- **GIVEN DATA**

□ □ □ □ □

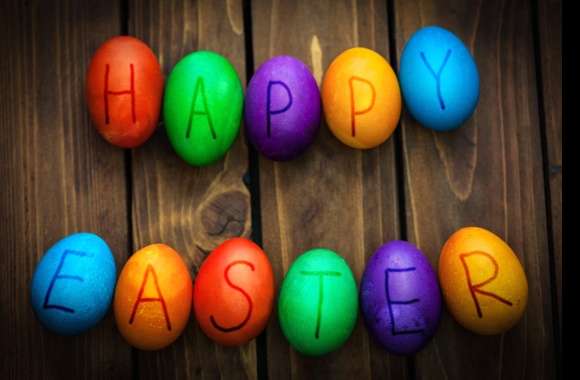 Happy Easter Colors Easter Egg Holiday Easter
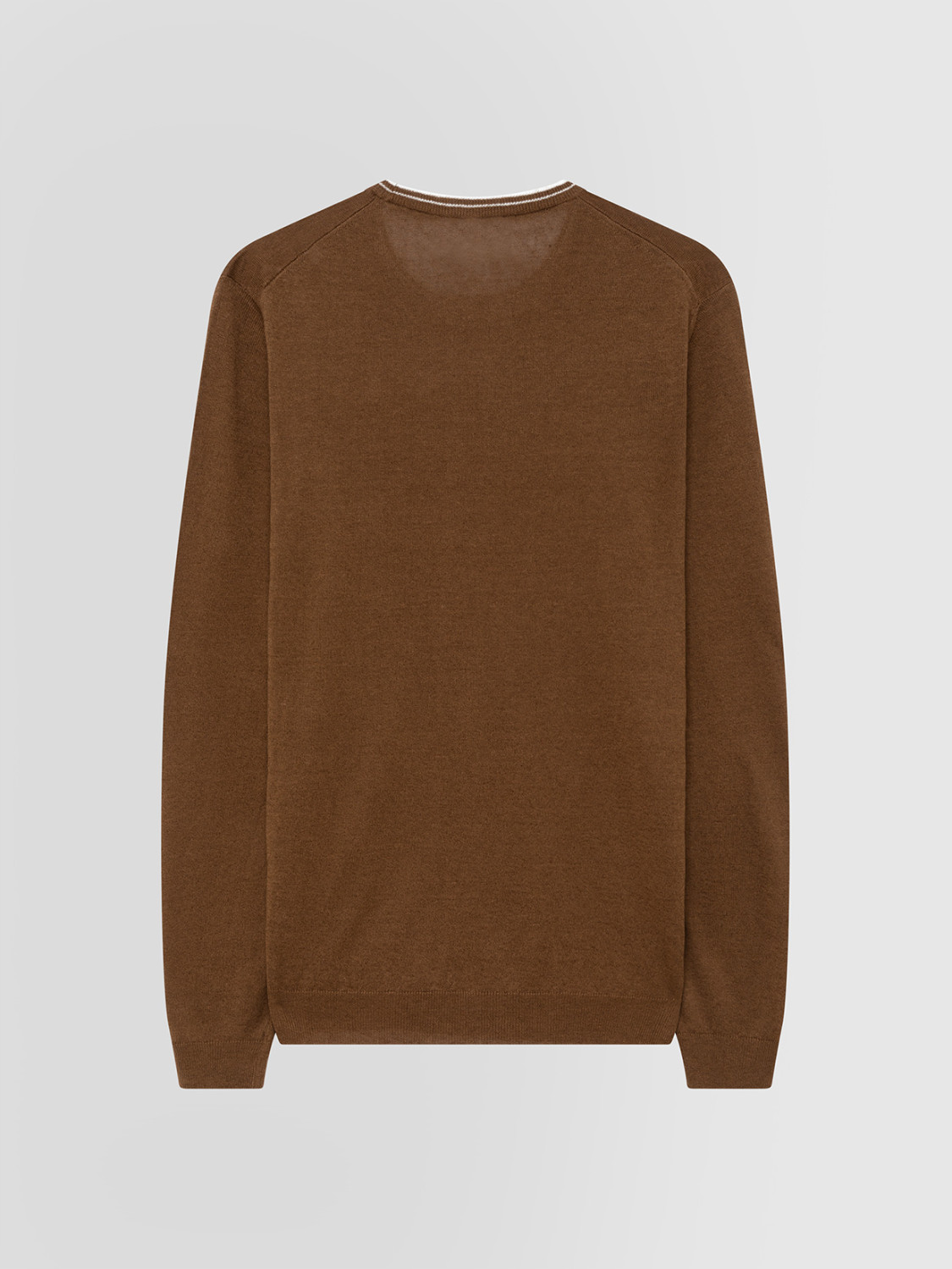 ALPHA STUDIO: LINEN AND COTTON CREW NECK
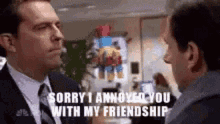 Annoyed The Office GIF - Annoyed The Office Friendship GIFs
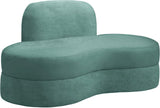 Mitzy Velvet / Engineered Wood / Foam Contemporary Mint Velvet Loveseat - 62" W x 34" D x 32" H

□ □ □ □ □

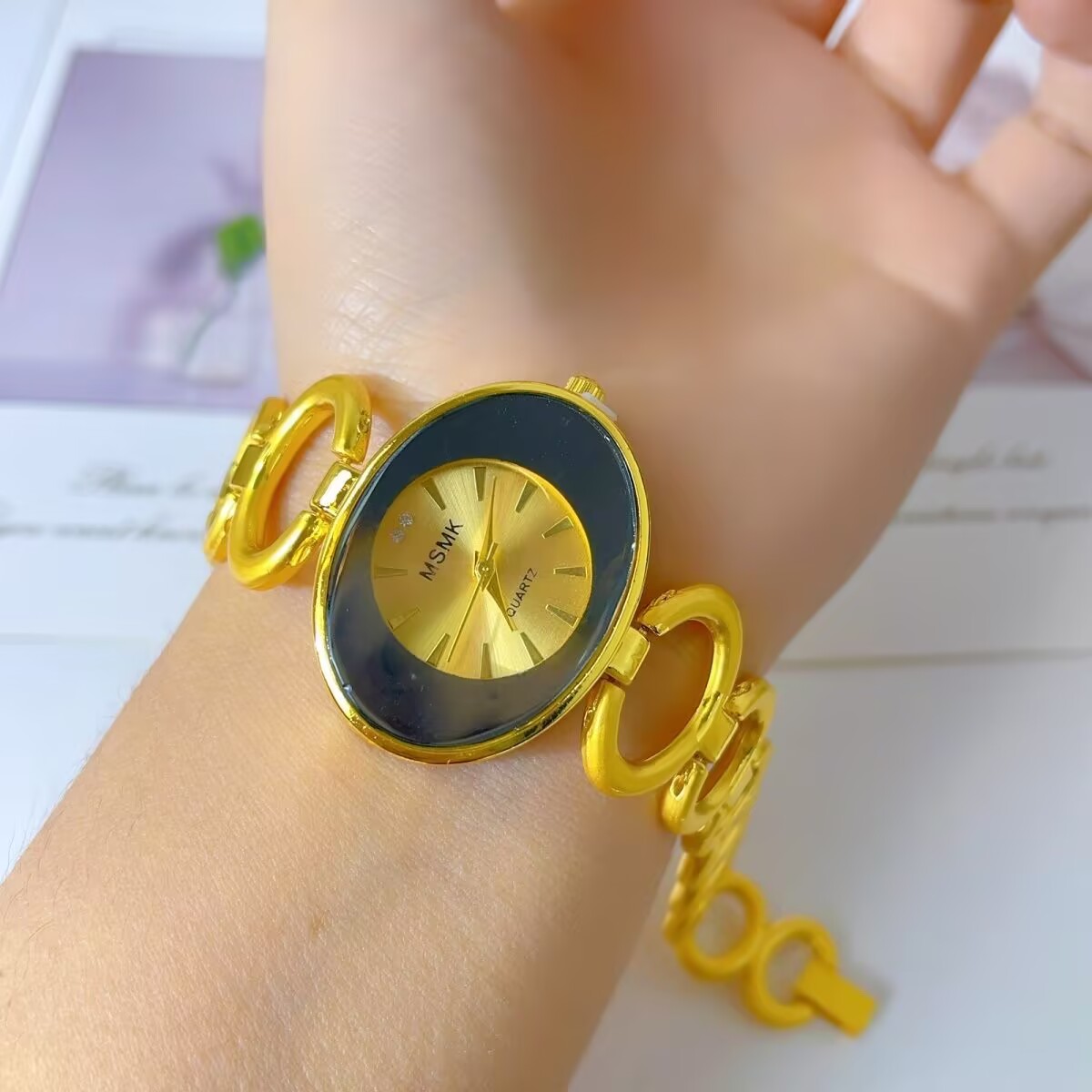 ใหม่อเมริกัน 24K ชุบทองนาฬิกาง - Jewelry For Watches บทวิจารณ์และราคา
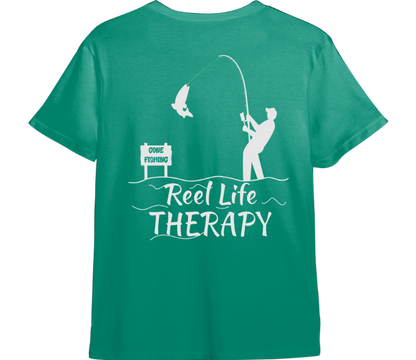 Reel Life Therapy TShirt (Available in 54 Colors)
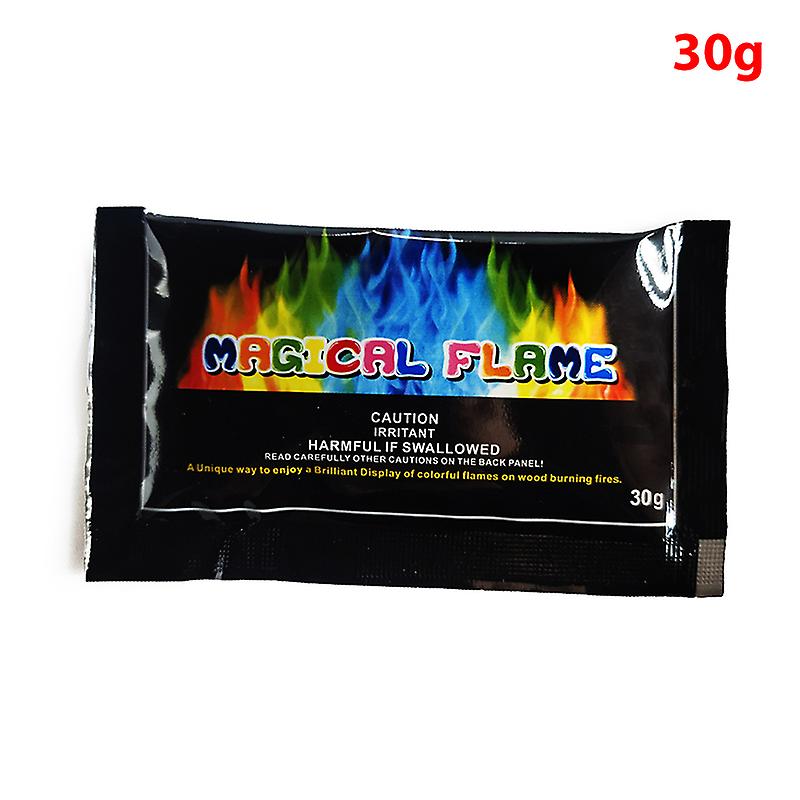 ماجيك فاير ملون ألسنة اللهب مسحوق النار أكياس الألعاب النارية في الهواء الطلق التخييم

□ □ □ □ □

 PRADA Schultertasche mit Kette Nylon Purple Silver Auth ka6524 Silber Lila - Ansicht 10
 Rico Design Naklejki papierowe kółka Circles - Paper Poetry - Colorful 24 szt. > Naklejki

□ □ □ □ □

- **EXERCISE GOAL**
Only the lines above from the one with "PRADA Schultertasche mit" through the one with "Rico Design Naklejki" should be duplicated, character for character.

- **EXERCISE SOLUTION**
 PRADA Schultertasche mit Kette Nylon Purple Silver Auth ka6524 Silber Lila - Ansicht 10
 Rico Design Naklejki papierowe kółka Circles - Paper Poetry - Colorful 24 szt. > Naklejki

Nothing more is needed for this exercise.